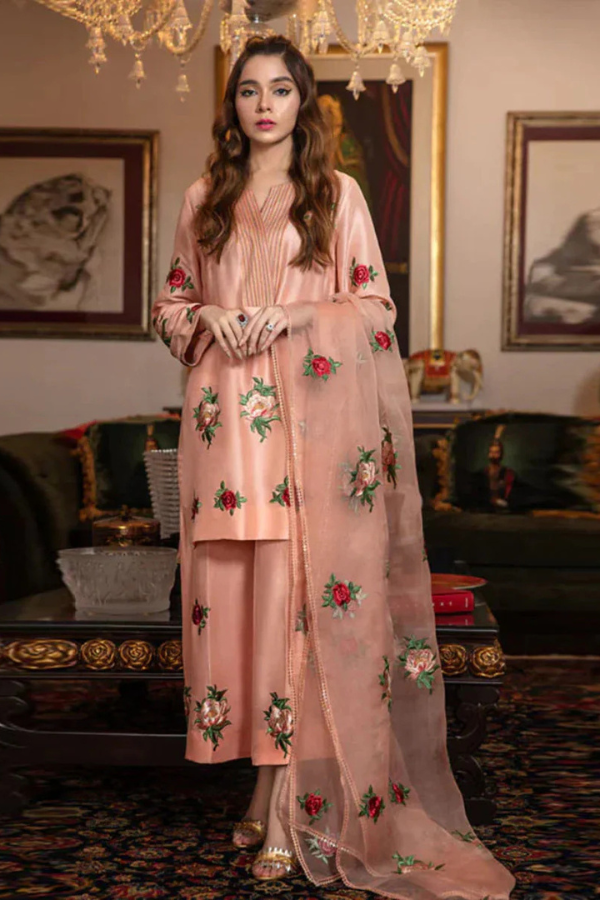 Silk 3PC Embroidered With Organza Embroidered Dupatta-1314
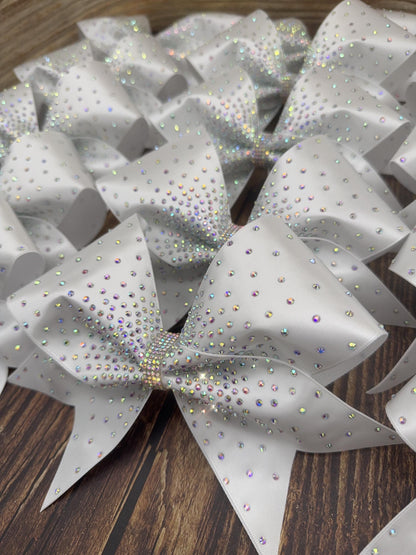 Center Burst Satin Cheer Bow: Rhinestone All-Star Competition Bow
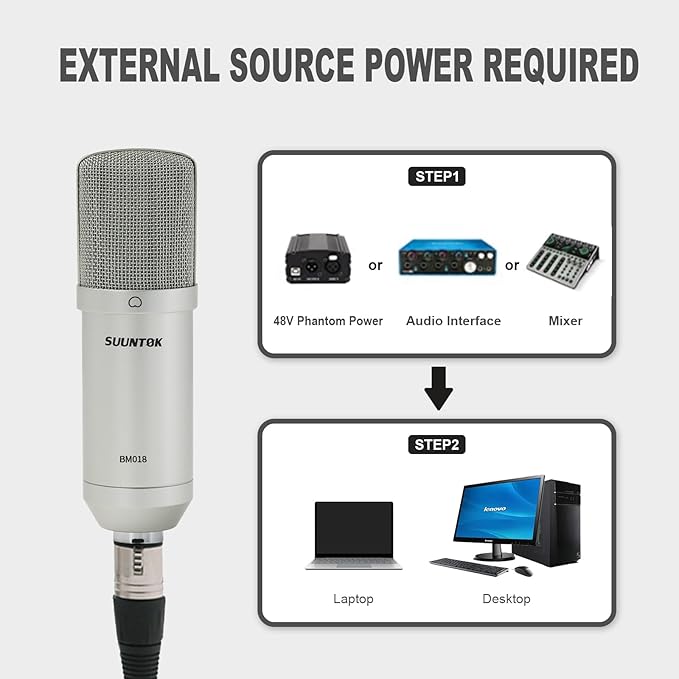 SUUNTOK XLR Condenser Microphone Recording Microphone for PC Computer Home Studio Cardioid Podcast Mic Kit for Streaming, ASMR, YouTube, Voice-Over, Gaming, Vocal (Silver)
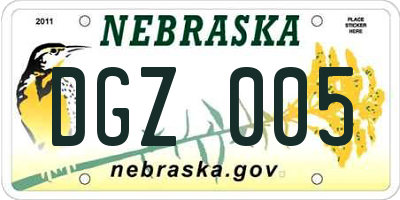 NE license plate DGZ005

### GOAL OF THE EXERCISE
The job here is to retype the data exactly, with no pictures included.

### RESULT OF THE TASK
 Silk 3PC Embroidered With Organza Embroidered Dupatta-1314
 Center Burst Satin Cheer Bow: Rhinestone All-Star Competition Bow
 SUUNTOK XLR Condenser Microphone Recording Microphone for PC Computer Home Studio Cardioid Podcast Mic Kit for Streaming, ASMR, YouTube, Voice-Over, Gaming, Vocal (Silver)
 NE license plate DGZ005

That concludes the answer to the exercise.